**ACTIVITY**. Working through the data below, reproduce word for word the line with "Peeq iPhone 15" and every line after it, both ends included, and omit the pictures.

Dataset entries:
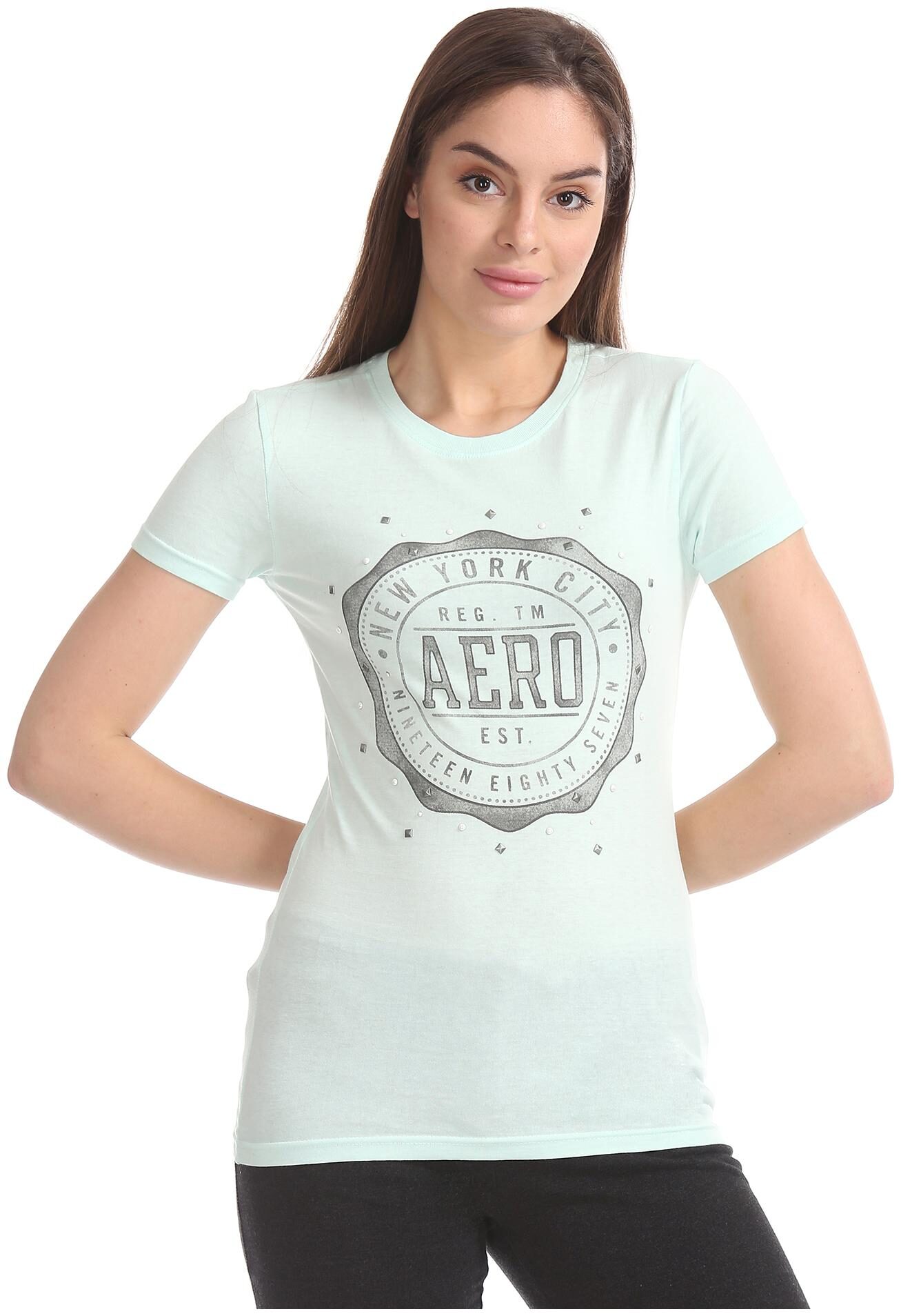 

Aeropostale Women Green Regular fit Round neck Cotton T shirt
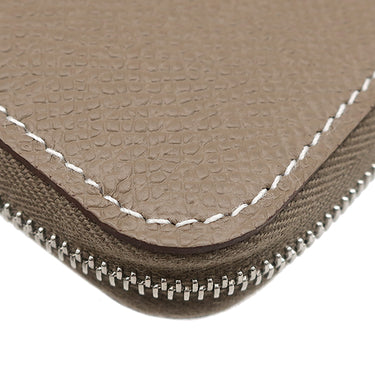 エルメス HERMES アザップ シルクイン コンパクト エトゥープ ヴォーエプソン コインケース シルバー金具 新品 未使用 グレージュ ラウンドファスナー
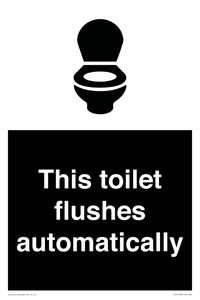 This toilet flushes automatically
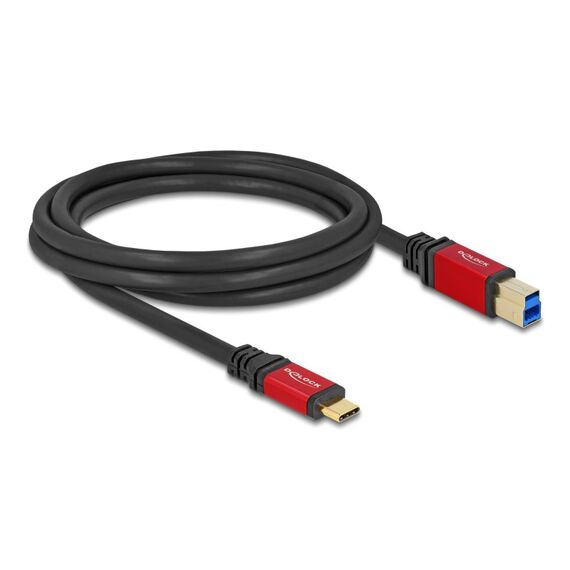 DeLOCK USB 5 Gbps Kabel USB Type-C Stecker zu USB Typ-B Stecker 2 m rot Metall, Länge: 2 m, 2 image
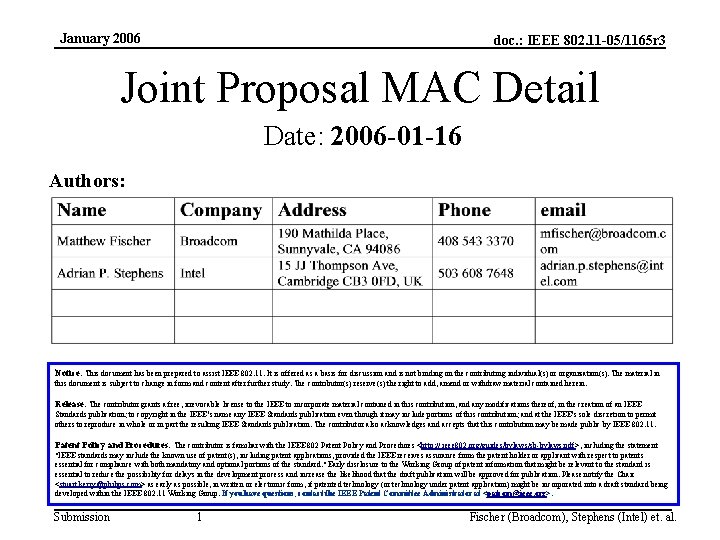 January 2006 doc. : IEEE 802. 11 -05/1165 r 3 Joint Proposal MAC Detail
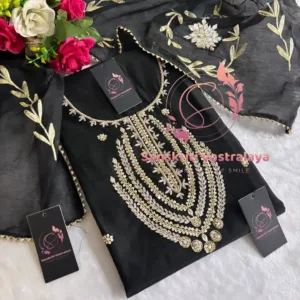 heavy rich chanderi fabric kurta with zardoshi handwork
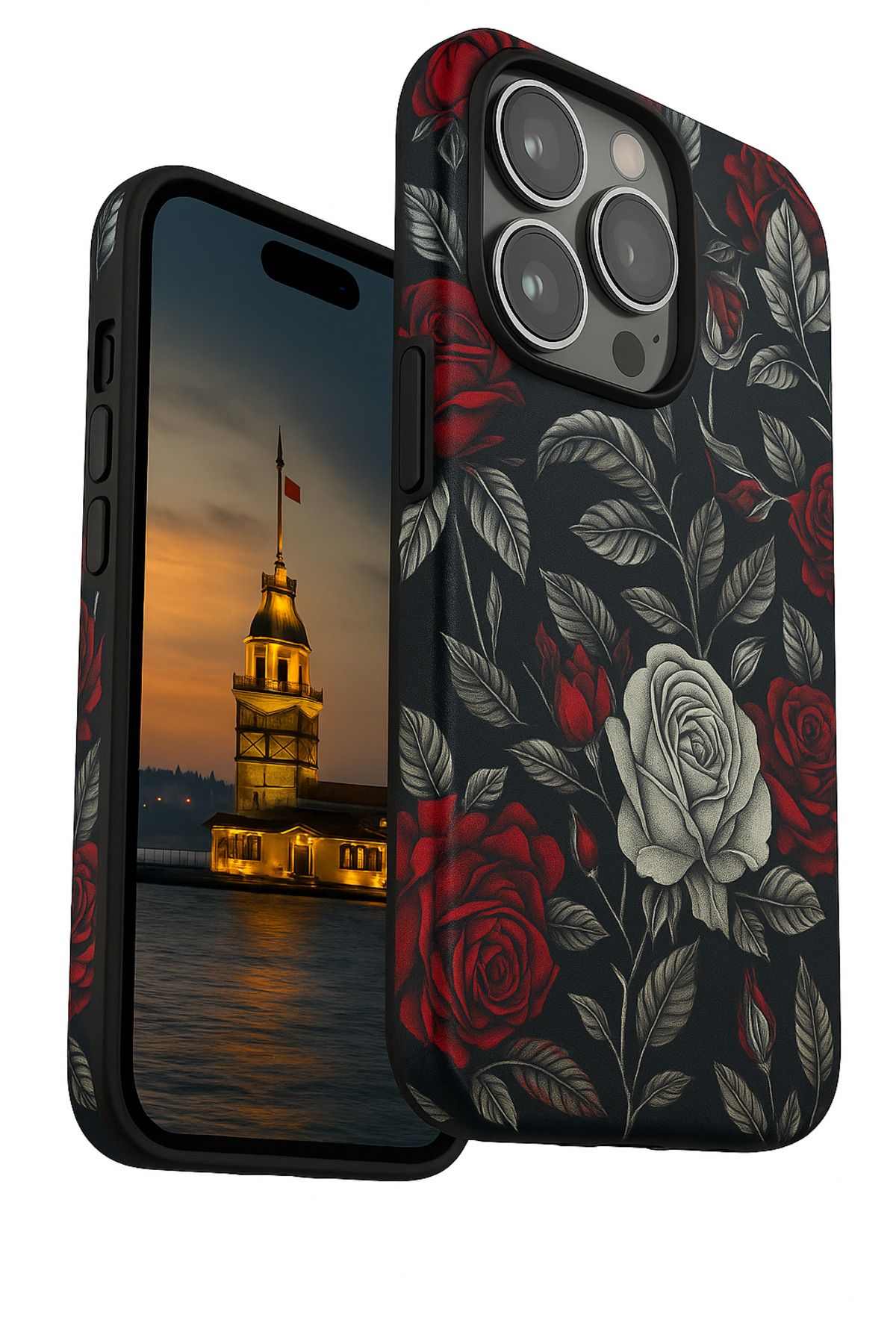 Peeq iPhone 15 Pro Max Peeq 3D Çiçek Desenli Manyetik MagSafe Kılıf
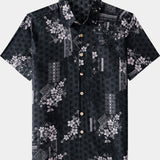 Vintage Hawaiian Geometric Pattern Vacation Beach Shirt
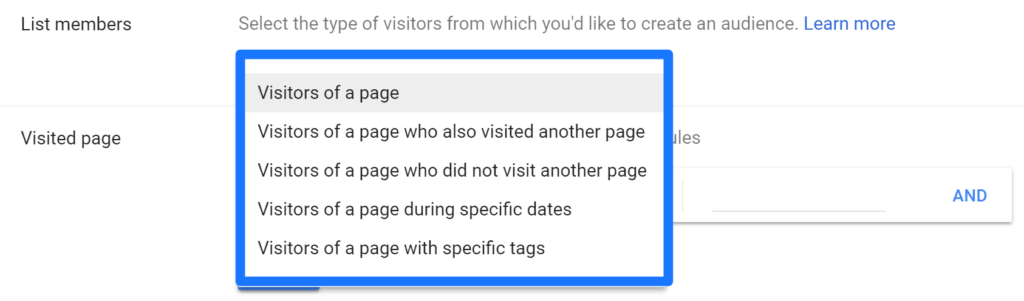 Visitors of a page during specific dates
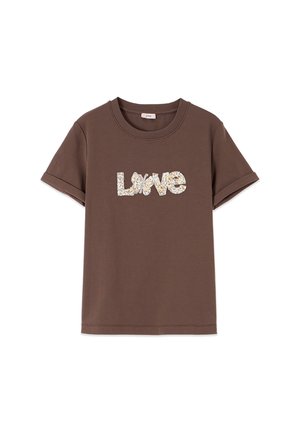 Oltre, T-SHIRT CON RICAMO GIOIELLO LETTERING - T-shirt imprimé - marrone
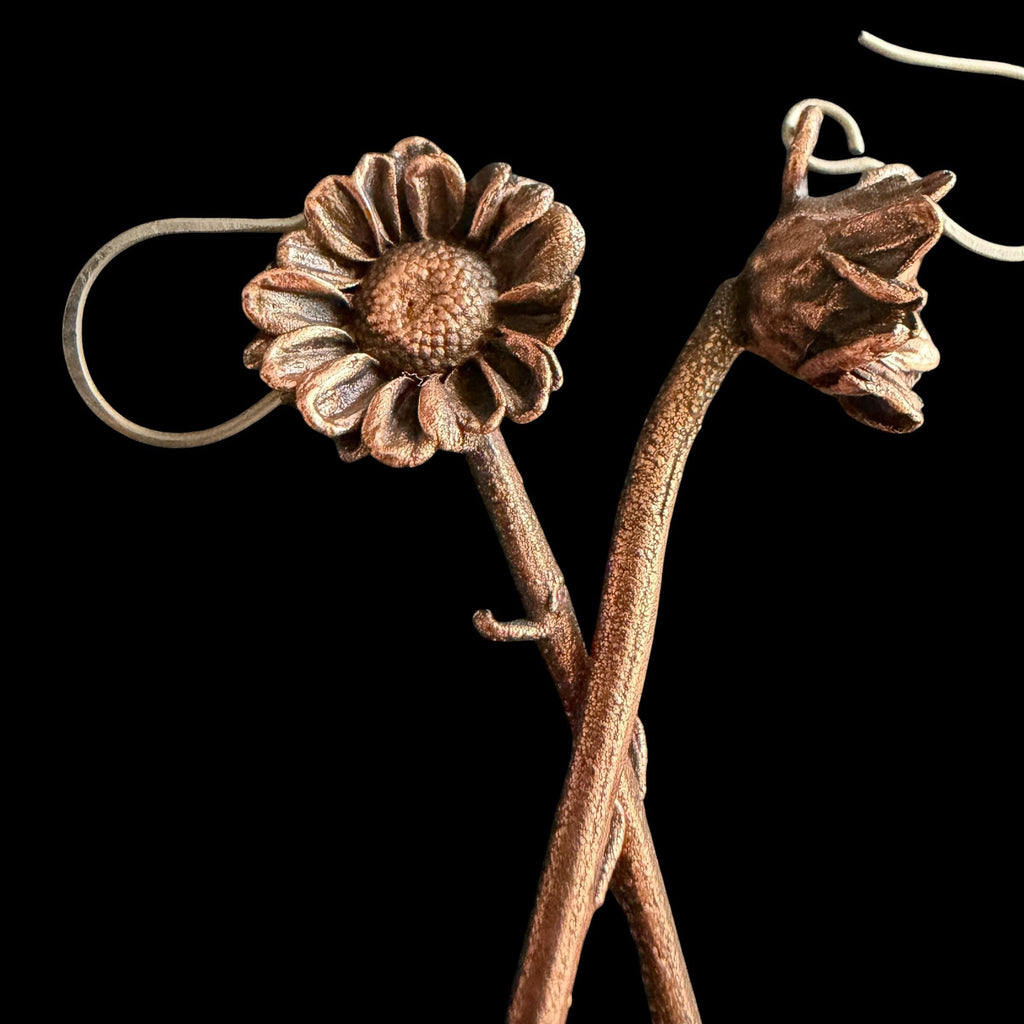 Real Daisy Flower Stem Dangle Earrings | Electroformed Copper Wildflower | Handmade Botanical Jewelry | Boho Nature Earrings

**ANSWER TO THE EXERCISE**.
 Peeq iPhone 15 Pro Max Peeq 3D Çiçek Desenli Manyetik MagSafe Kılıf
 Vintage Hawaiian Geometric Pattern Vacation Beach Shirt
 Visitors of a page during specific dates
 Oltre, T-SHIRT CON RICAMO GIOIELLO LETTERING - T-shirt imprimé - marrone
 Real Daisy Flower Stem Dangle Earrings | Electroformed Copper Wildflower | Handmade Botanical Jewelry | Boho Nature Earrings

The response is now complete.